I discussed this article with some friends earlier today. One friend shared it with our group outraged because baaaaaaaaaby...this article is a mess.
It made me instantly feel some kinda way when I read it. See, I know that...in the words of one of my Elders, "Everybody's money don't spend the same." This means that you will probably have people in your life who you love who have more or less financial obligations, savings, liquidity than you do. Because of this...I have always been the type of person who had no problem with throwing a party at my home so there was no financial obligation present for us all to enjoy spending time together.
See...people are weak. If you are invited to a dinner you know you can't afford to pay for, have the guts to send your regrets.
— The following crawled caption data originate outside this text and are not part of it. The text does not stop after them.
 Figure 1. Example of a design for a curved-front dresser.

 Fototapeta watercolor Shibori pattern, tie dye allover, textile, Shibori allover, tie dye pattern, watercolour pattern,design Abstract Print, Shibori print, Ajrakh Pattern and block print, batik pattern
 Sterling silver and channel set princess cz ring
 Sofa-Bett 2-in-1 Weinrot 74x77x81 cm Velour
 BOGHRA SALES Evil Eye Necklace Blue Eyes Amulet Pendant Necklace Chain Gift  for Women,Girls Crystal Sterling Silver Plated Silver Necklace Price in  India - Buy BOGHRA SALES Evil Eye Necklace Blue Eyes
Simple. You are not obligated to attend. Your obligation should always be to how your money spends and nobody knows this better than YOU. You can miss out on some shit. Check Facebook or Instagram later. Somebody will have posted some pictures and you'll feel like you were there. Okay...that's bullshit...but still...use your damn words. Be a grownup. It is very easy to say, I can't make it. You don't have to give a reason why. If the person is truly someone who loves you, however, I'd suggest letting them know that the reason you can't attend is because a night out isn't in your budget and I bet you, 9 times out of 10, they will figure out a way for you to join them to celebrate somehow. Be it drinks after work soon or just lunch or dinner at the crib.
People who love you want to spend time with you. Don't make it about money. Say you can't go, but figure out something you CAN do together soon.
Stuff your pride and the ridiculous arrogance of this article in a hole out back somewhere. Seriously. Adult better. Whine less. Everything ain't 'boutchu. Stop acting like it is. Being a victim is sooooooooooooooo pre-Obama.